# Evaluate the integrals. \int \frac{\sin^{-1}x}{\sqrt{1-x^{2}}}dx

Question
Applications of integrals
Evaluate the integrals.
$$\displaystyle\int{\frac{{{{\sin}^{{-{1}}}{x}}}}{{\sqrt{{{1}-{x}^{{{2}}}}}}}}{\left.{d}{x}\right.}$$

2021-02-13
Step 1
Consider the provided integral,
$$\displaystyle\int{\frac{{{{\sin}^{{-{1}}}{x}}}}{{\sqrt{{{1}-{x}^{{{2}}}}}}}}{\left.{d}{x}\right.}$$
Evaluate the integrals.
Apply the Substitution method,
$$\displaystyle{u}={{\sin}^{{-{1}}}{x}}\Rightarrow{d}{u}={\frac{{{1}}}{{\sqrt{{{1}-{x}^{{{2}}}}}}}}{\left.{d}{x}\right.}$$
Step 2
Therefore,
$$\displaystyle\int{\frac{{{{\sin}^{{-{1}}}{x}}}}{{\sqrt{{{1}-{x}^{{{2}}}}}}}}{\left.{d}{x}\right.}=\int{u}{d}{u}$$
$$\displaystyle={\frac{{{u}^{{{1}+{1}}}}}{{{1}+{1}}}}+{C}$$
$$\displaystyle={\frac{{{u}^{{{2}}}}}{{{2}}}}+{C}$$
Substitute back $$\displaystyle{u}={{\sin}^{{-{1}}}{x}}$$.
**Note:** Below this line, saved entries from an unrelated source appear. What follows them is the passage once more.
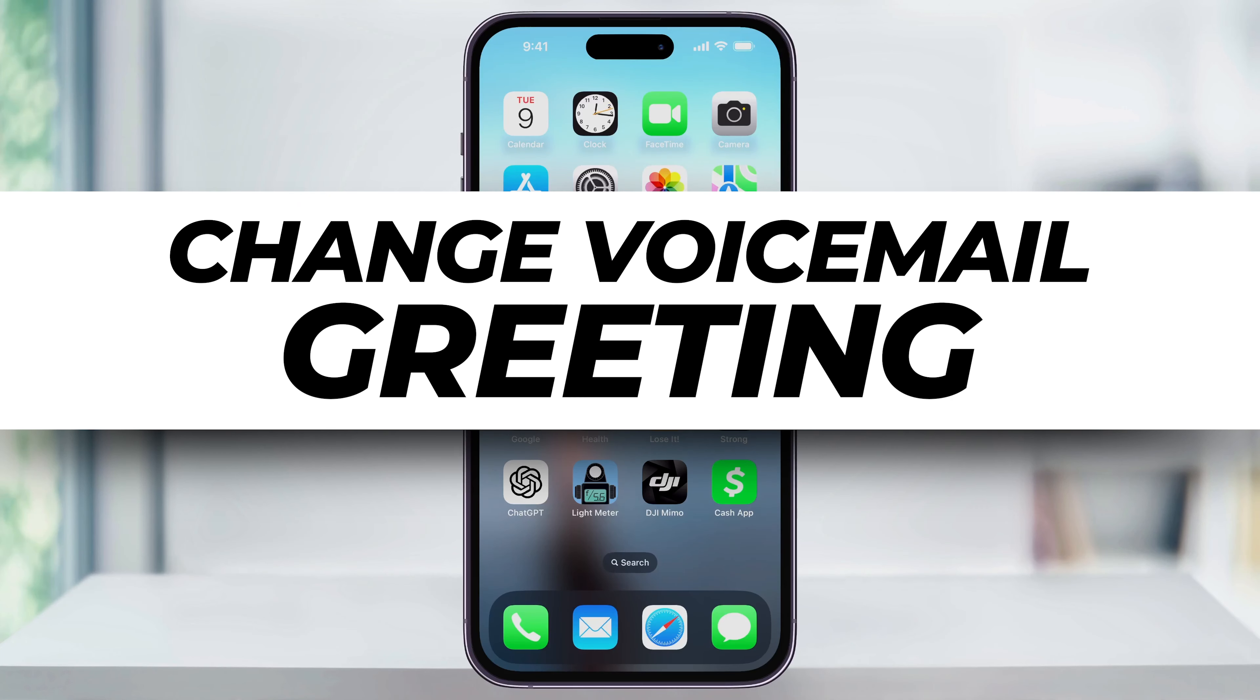In this video, we're going to take a quick look at how to easily change your voicemail greeting on your iPhone.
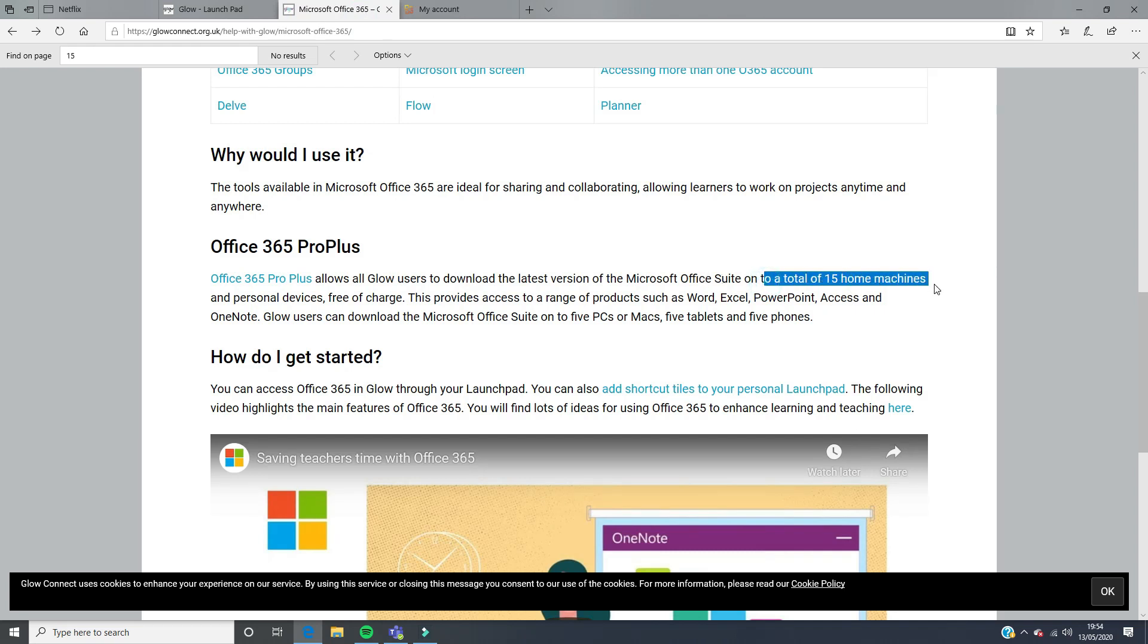And you can download it onto five PCs or Macs, five tablets, and five phones.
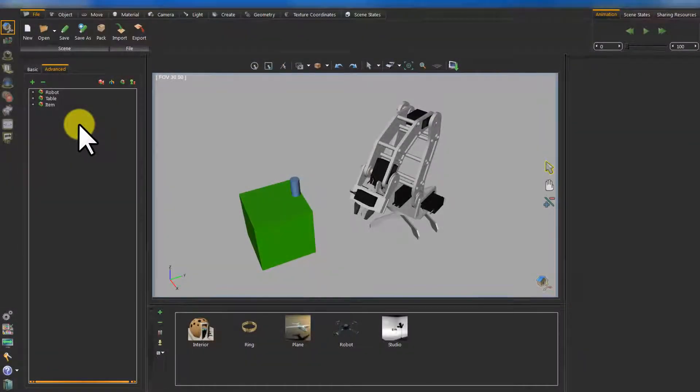Hello and welcome to this video tutorial. In this part, I assume that you have created or downloaded a model from one of the online mechanical engineering communities that share CAD files. As a first step in SimLab Composer, you have to import your model.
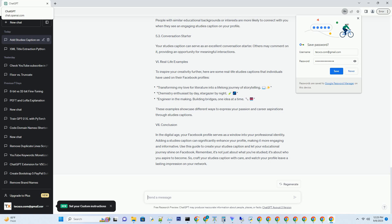Step 2.4: Craft your studies caption — in the provided text box, create a captivating studies caption. You have limited space, so make it concise and impactful. Consider mentioning your major achievements, awards, or career goals. Step 2.5: Save changes — once you've created your studies caption, click the Save button to update your profile. Your studies caption will now appear in your profile's About section.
$$\displaystyle\int{\frac{{{{\sin}^{{-{1}}}{x}}}}{{\sqrt{{{1}-{x}^{{{2}}}}}}}}{\left.{d}{x}\right.}={\frac{{{\left({{\sin}^{{-{1}}}{x}}\right)}^{{{2}}}}}{{{2}}}}+{C}$$
$$\displaystyle={\frac{{{1}}}{{{2}}}}{\left({{\sin}^{{-{1}}}{x}}\right)}^{{{2}}}+{C}$$
Hence.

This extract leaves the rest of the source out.